Perhaps the best example of this approach was the strategy employed by America Online. Being early enough to control the entire market, AOL built a walled garden for their subscribers…essentially a public Intranet. At the time, many reasonable people couldn’t imagine how it would be possible for independent websites to produce the same quality or quantity of content that America Online was producing. This is, of course, laughable in retrospect.

Marc Andreesen (founder of Netscape and partner at A16) put it well, in a 2015 tweet: “Big companies desperately hoping for blockchain without Bitcoin is exactly like 1994: Can’t we please have online without Internet??”

AOL eventually lost as the public Internet exploded, and it was soon vividly clear that the open protocol would not only win, but that it would revolutionize human communication and commerce. The web browser gave every person and organization the opportunity to have equal footing in the eyes of the consumer.When corporations eventually came around to this new reality, they were late. Silicon Valley startups who understood how to leverage open protocols were already the kings of this new ecosystem.

In this post, I’m hoping to explain that we are seeing a similar pattern in corporate attitudes toward cryptocurrency. Permissioned blockchains are the new Intranets and walled gardens. While these technologies offer some marginal value to the existing system, we cannot afford to pretend that they are a viable alternative to the powerful networks being built by public cryptocurrencies.

The Blockchain
In the thousands of years that humans have been using money to measure debt and value, they have required a central authority (gods, nation-states, and central banks have all played this role) to guarantee the viability of the stone tablets, coins, paper, and plastic that they use to buy stuff. The blockchain is a fundamental shift in the way we create and use money because it removes the need for a central authority.We now have a solution for the ownership and transfer of money (and really any form of a digital asset) through a sophisticated system that uses cryptography and an incentive-driven network to create an accurate, distributed memory. If financial institutions fail to invest in and understand what happens when banks are no longer necessary to facilitate transactions and authenticate identities, we run the risk of one day facing their Blockbuster moment.

A blockchain is essentially a shared memory. In the case of cryptocurrencies, the blockchain serves as a distributed ledger of transactions and holdings. Since this ledger is cryptographically secure and widely distributed, it creates an immutable, crowd-sourced source of truth. Cryptocurrencies are built on this open protocol; the blockchain is what makes this decentralized asset class possible. Literally anyone can join the network and become incentivized to help the collective confirm transactions and continue to build the blockchain. Successful cryptocurrencies like bitcoin grow organically through this mechanism, and this network has quickly become the world’s most powerful super-computer by at least a factor of 4.

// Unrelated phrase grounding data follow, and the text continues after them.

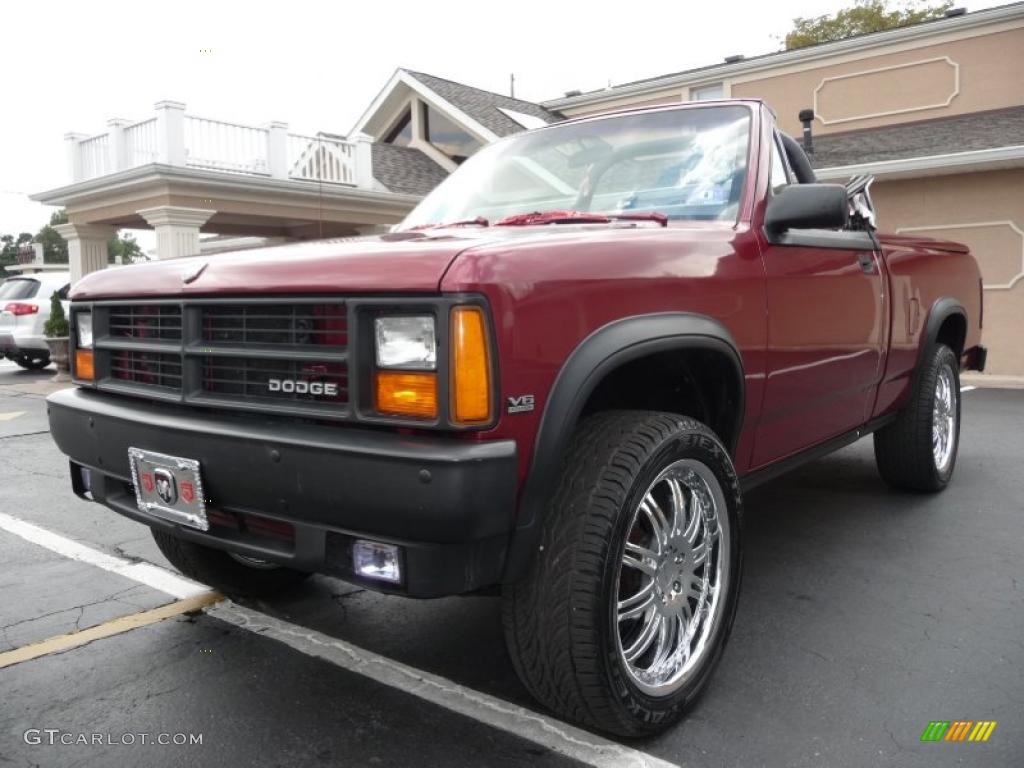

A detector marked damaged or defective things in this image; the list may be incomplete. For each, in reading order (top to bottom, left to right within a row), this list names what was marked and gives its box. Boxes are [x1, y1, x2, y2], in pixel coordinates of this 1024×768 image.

cracked pavement [0, 362, 1019, 768]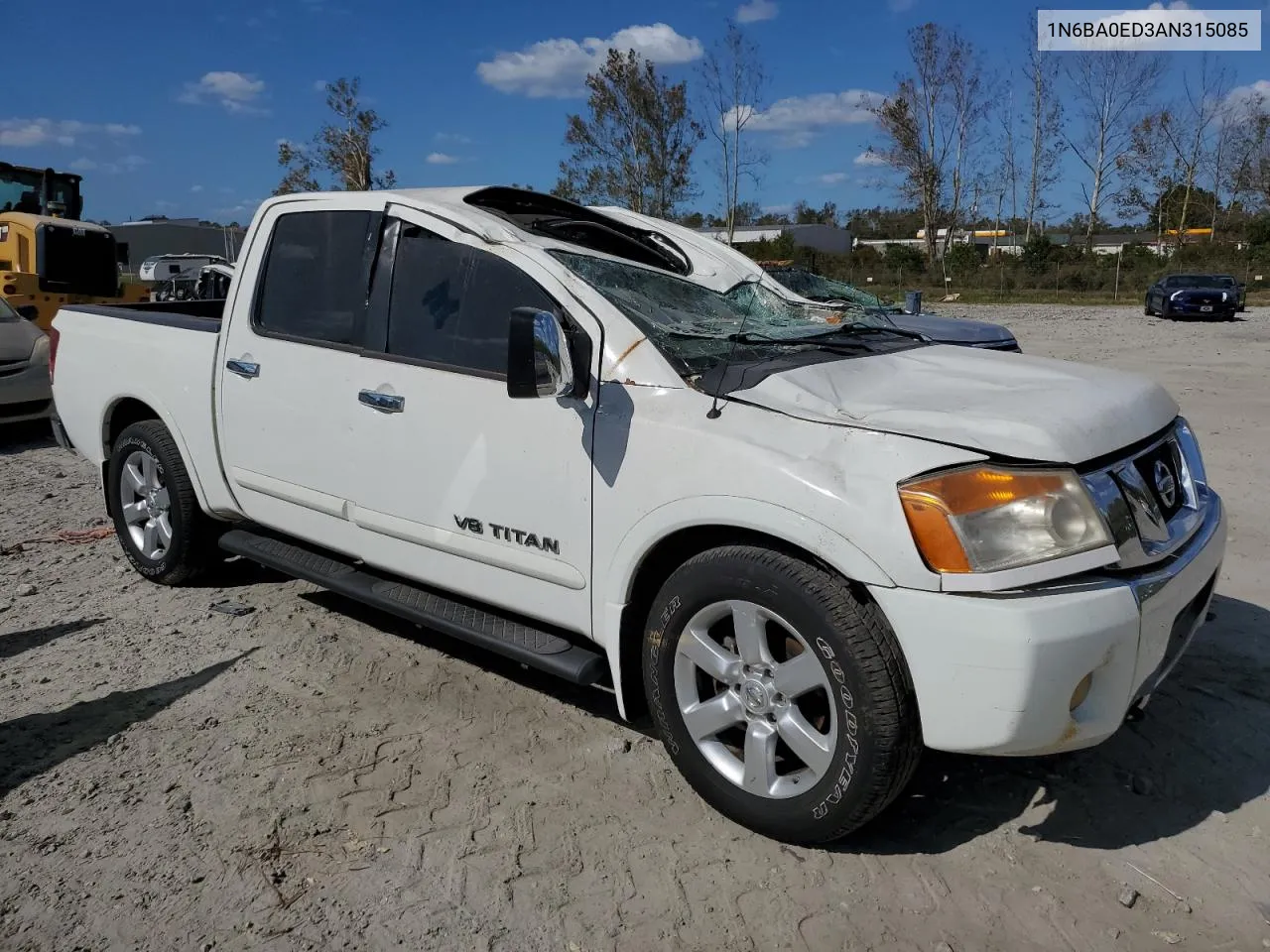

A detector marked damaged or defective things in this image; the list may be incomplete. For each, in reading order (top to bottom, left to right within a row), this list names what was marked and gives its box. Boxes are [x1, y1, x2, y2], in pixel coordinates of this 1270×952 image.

shattered windshield [554, 250, 914, 375]
crumpled hood [889, 310, 1016, 345]
crumpled hood [736, 342, 1178, 467]
damaged white truck [47, 183, 1218, 842]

A Permissioned Blockchain is not a Blockchain

Permissioned blockchains are the “walled gardens” of 2017. They have value, but their value consists of bringing marginal improvements to the existing system. By confusing permissioned blockchains with cryptocurrency, we risk missing a paradigm-shifting disruption.

So how does a permissioned blockchain differ from the open blockchain networks that power Bitcoin and Ethereum?

While many permissioned blockchains use a few of the components from Satoshi Nakamoto’s blockchain (such as Merkle trees), they differ in extremely important ways. Permissioned blockchains function through a centralized authority that decides who can and cannot have access to the shared ledger. In the case of something like IBM’s Hyperledger, those who have access will most likely include large, established financial institutions. When you are registered on a permissioned blockchain, a central authority gives you certain rights or “permissions” to one or many closed blockchains.

Hyperledger is a solution built to be compliant with government regulation. This is a logical approach; it’s just not how disruption works. The Internet wasn’t built to a regulatory spec; instead, regulators evolved their system to address the unique problems the Internet created. In the case of Hyperledger, there is a dual need for anonymity and transparency. The ledger should be anonymous and unintelligible to all normal players who have access to it; this ensures that one institution can’t gain an advantage by using transaction information. However, the ledger also must be available to regulatory officials that need the ability to audit transactions and the parties involved in them. Hyperledger accomplishes this through a clever hack; for normal players, the blockchain is anonymized, but a central authority can essentially provide a decoder ring to auditors.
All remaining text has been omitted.